Depression, for me (as it is different for everyone) as of late feels needy. I think of suicide all of the time. I hesitate to share details in a blog, but I want to expose the truth of this illness, the darkness that the sufferer experiences; do not pity me, please, because it's neither here nor there; this is simply my reality right now.
Last week, during a particularly alone, depressive moment, I began to write a Will. Just in case. Just in case I do not survive myself.
In the worst of my depressions I couldn't function at all. I couldn't take the trash out. I had roaches, mice, and ants in my apartment. My father had to fly across the country to help me clean up. Of course, that was depression partnering with Bulimia. Which is a fucking mess.
Depression feels awful. A quote I shared on Facebook today from a book I highly recommend on the subject, "The Noonday Demon" by Andrew Soloman, states that:
“You are constantly told in depression that your judgment is compromised, but a part of depression is that it touches cognition. That you are having a breakdown does not mean that your life isn't a mess. If there are issues you have successfully skirted or avoided for years, they come cropping back up and stare you full in the face, and one aspect of depression is a deep knowledge that the comforting doctors who assure you that your judgment is bad are wrong. You are in touch with the real terribleness of your life. You can accept rationally that later, after the medication sets in, you will be better able to deal with the terribleness, but you will not be free of it. When you are depressed, the past and future are absorbed entirely by the present moment, as in the world of a three-year-old. You cannot remember a time when you felt better, at least not clearly; and you certainly cannot imagine a future time when you will feel better.”

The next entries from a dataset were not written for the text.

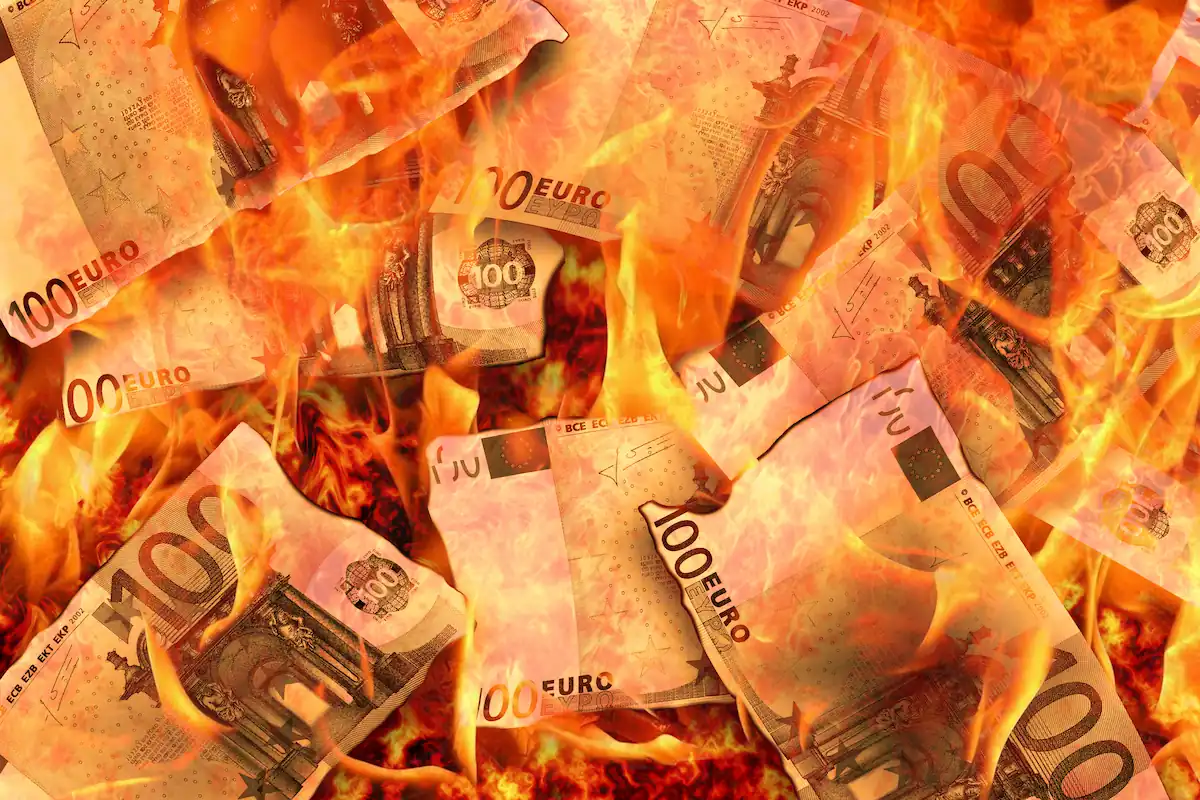Burning banknotes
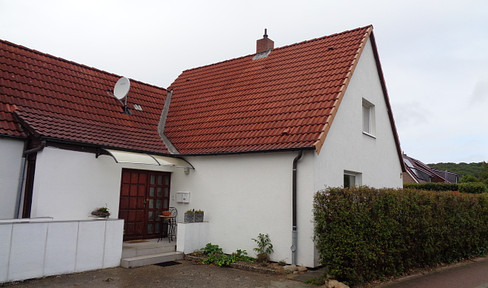 Bad Bramstedt House half 4 room EBK full bath with shower 100 sqm, terrace with garden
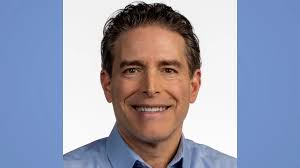 John Bolanos to Retire from Univar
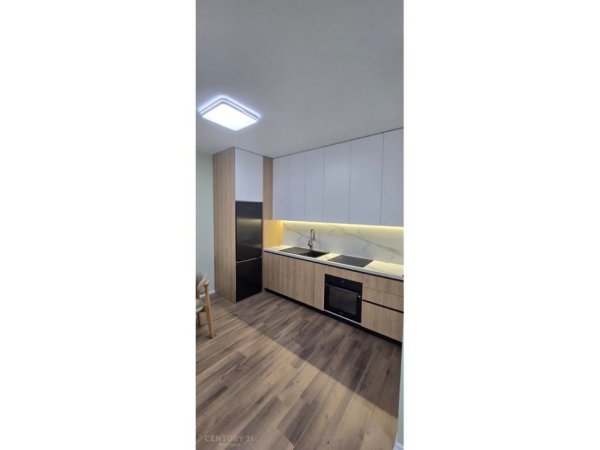 Tirane, jepet me qera apartament 1+1+Ballkon Kati 9, 77 m² 650 € (zogu zi)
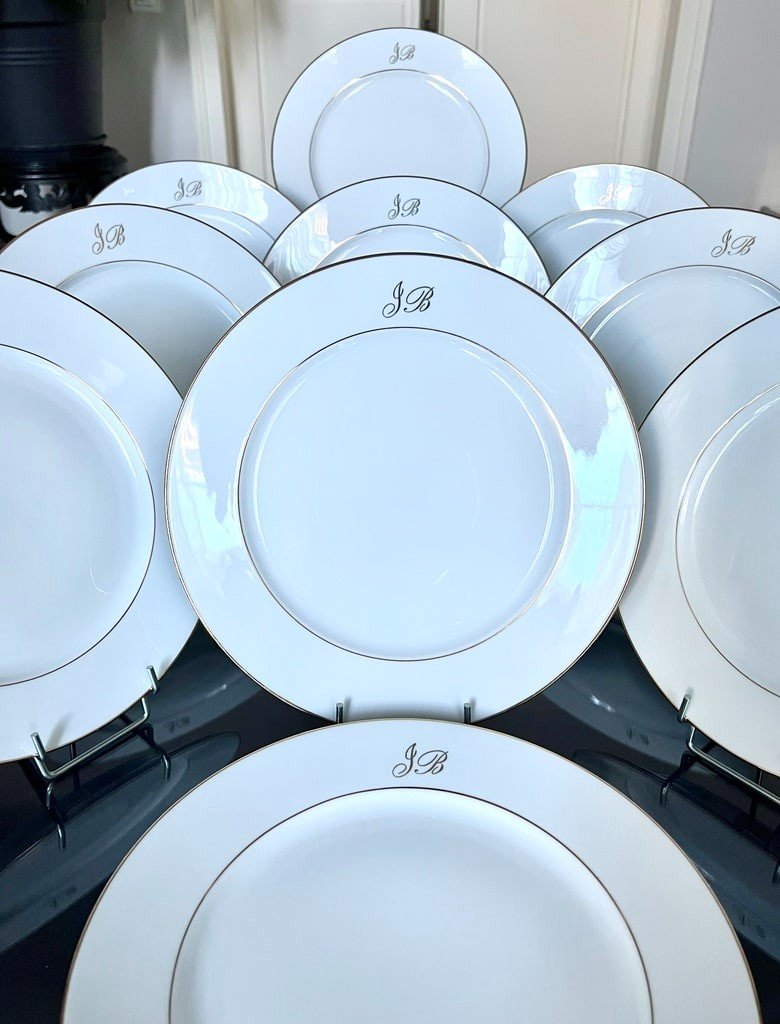 12 Flat Plates With Gold Fillet Decor - Limoges Porcelain - Monograms -photo-3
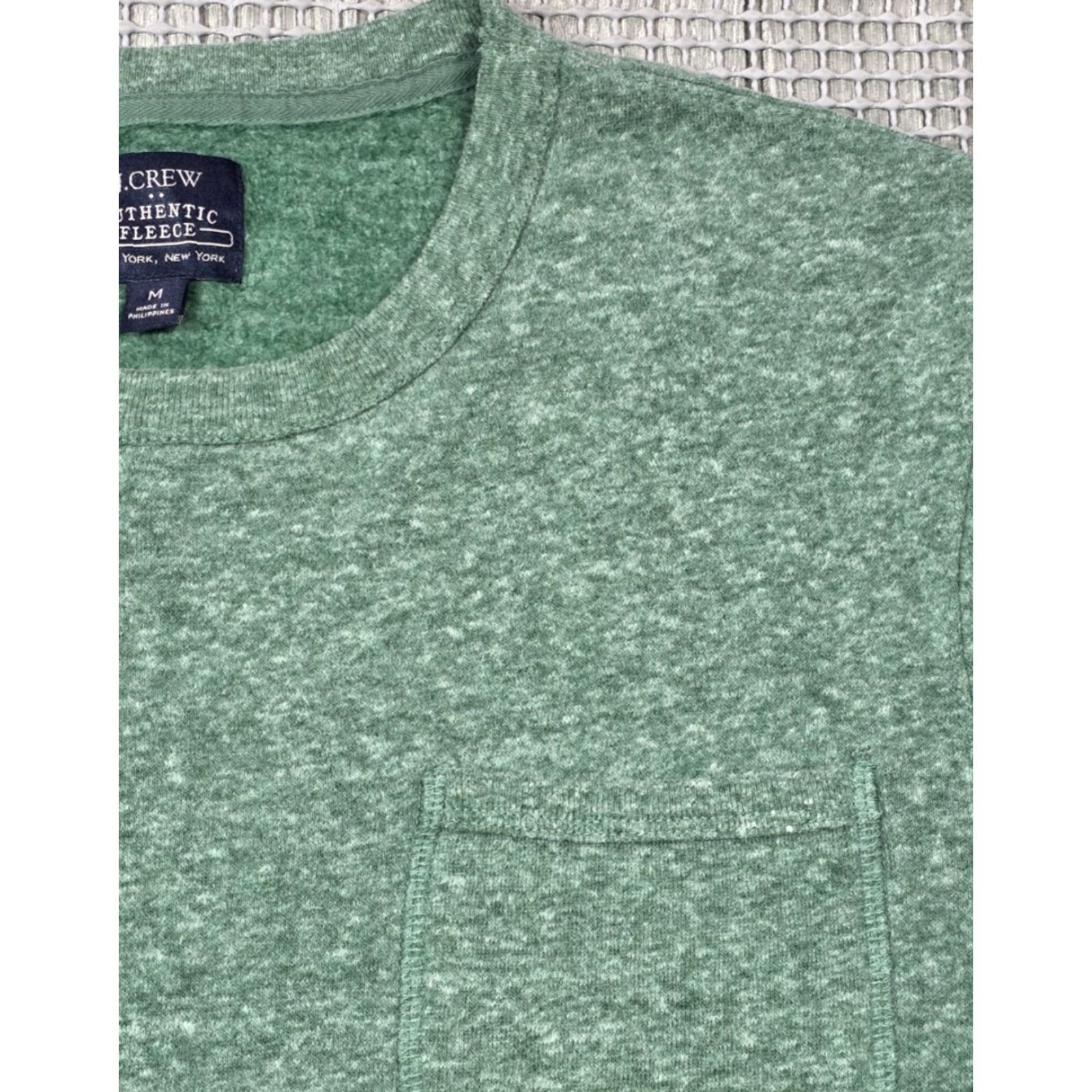 J.Crew J. Crew Authentic Fleece Crew Neck Sweatshirt Heather Green Size M Long Sleeve Mens Regular Pullover Casual All Seasons Pockets Cotton Polyester Size US M / EU 48-50 / 2 - 3 Thumbnail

Obviously, Soloman is more practiced at articulating himself than I, and I am thankful to have his work to draw upon. I suspect this will not be the last time I quote that book.

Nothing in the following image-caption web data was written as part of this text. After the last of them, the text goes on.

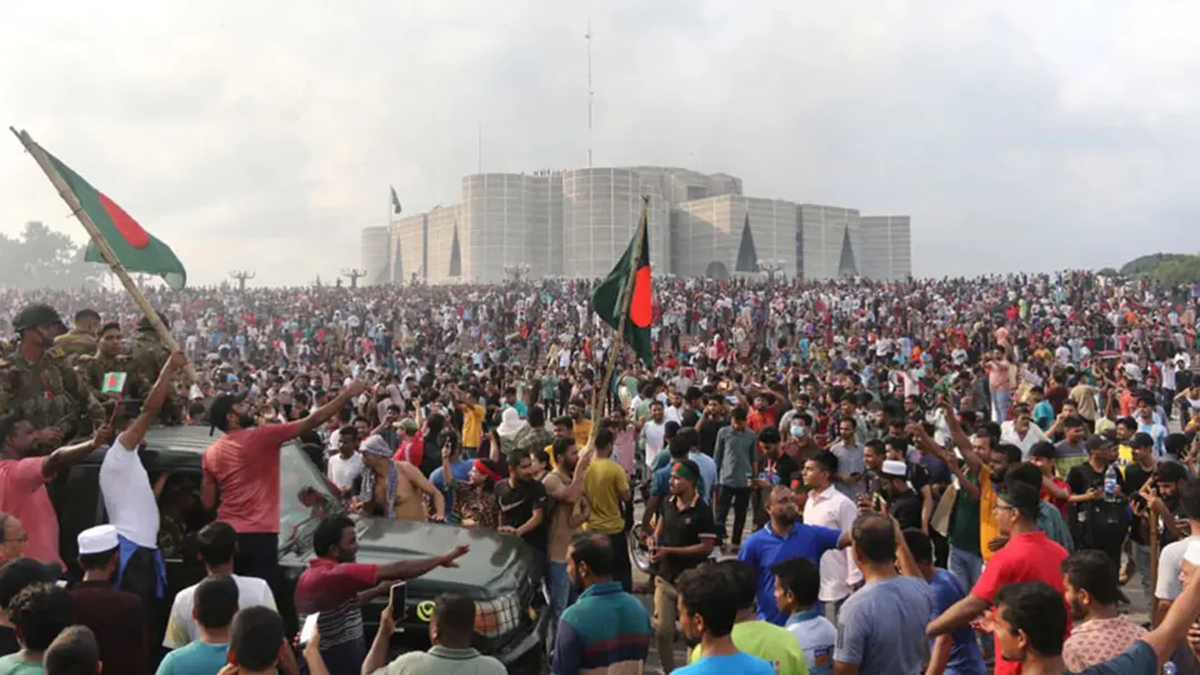 জুলাই বিপ্লবের ২ বছর: বিশ্ব গণমাধ্যমের চোখে বাংলাদেশের রূপান্তর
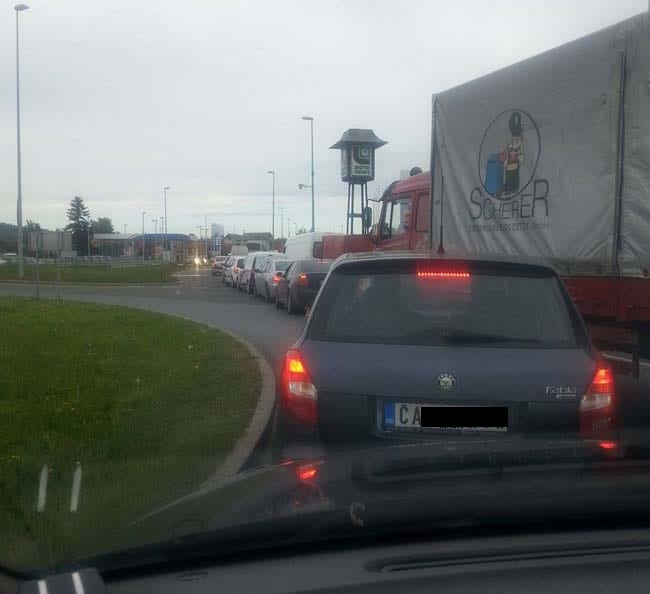 Saobraćajni kolaps u Preljini 2 Preljina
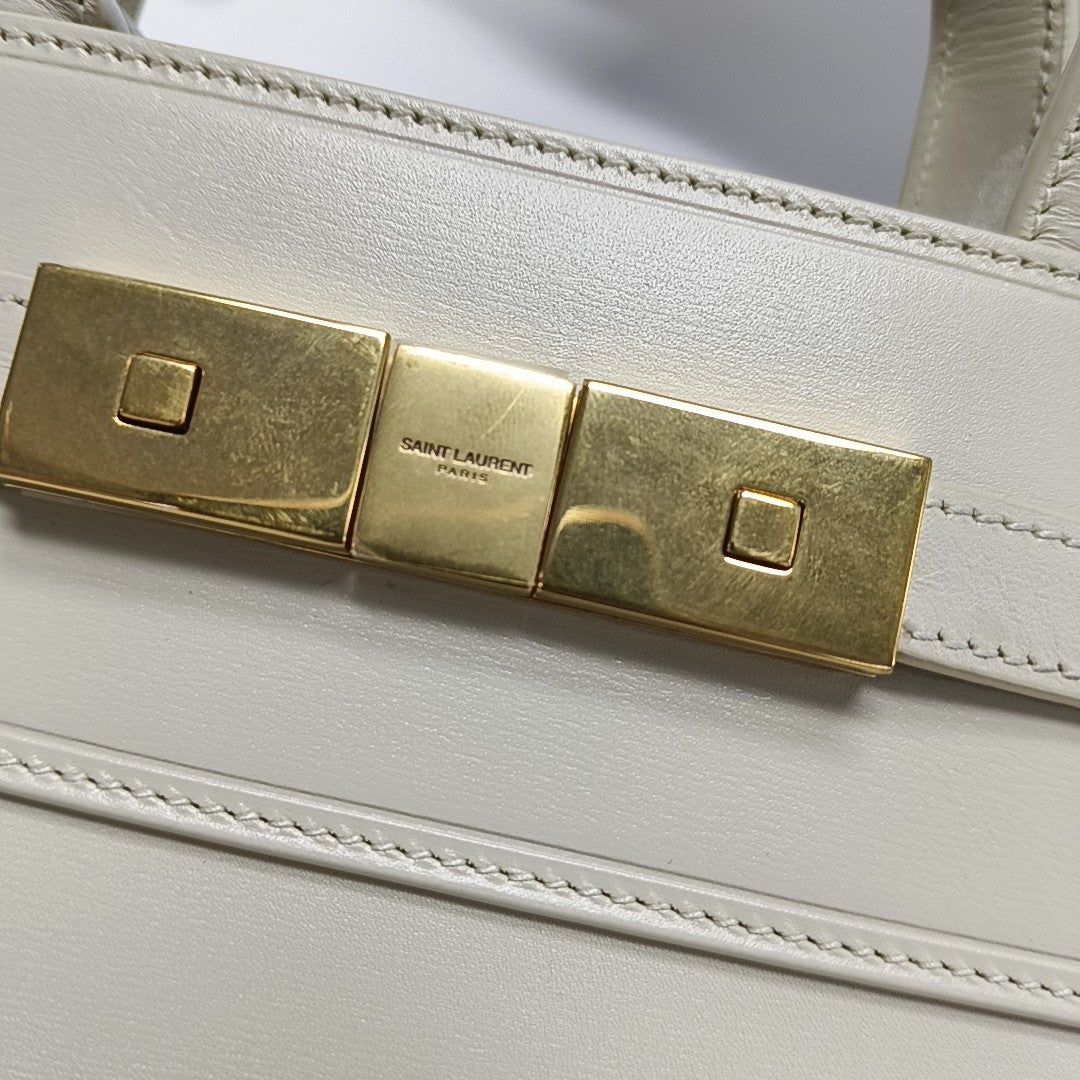 MANHATTAN Nano Calfskin White
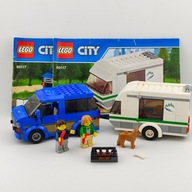 Używane LEGO City - Van z przyczepą kempingową - 60117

Depression is real. Don't get me started on people who don't believe in fucking medication or that the disorder is real - I will shriek from the rooftops that DEPRESSION IS A FUCKING THING if I have to. Not that it would do much good, because ignorance is a form of self protection, among other things.
Do I want to go and meet this girl at 8:00? No, I don't, because I'm depressed. Am I going to? Yes, because the only way to remedy the situation is to "Act Opposite", which is a "skill" often referenced in Dialectical Behavior Therapy, which I will also cover at some point.
Depression feels inescapable. Sometimes, it is. But it passes. I started this blog to be honest, but to provide some hope as well. I suffer every day right now, but I have had periods of my life that weren't as bad. And I am hoping that with the appropriate treatment (which I, personally, am BLESSED to have access to, thanks to suing my mental health insurance company - yes, I will cover that someday too - thanks for nothing, United Behavioral Health), which my doctor is saying is ECT, that I can have days where I feel less miserable, more content, and more alive.
Depression is a reality, but it is not the only reality.
That's the best I can do today. More later. Thanks for reading.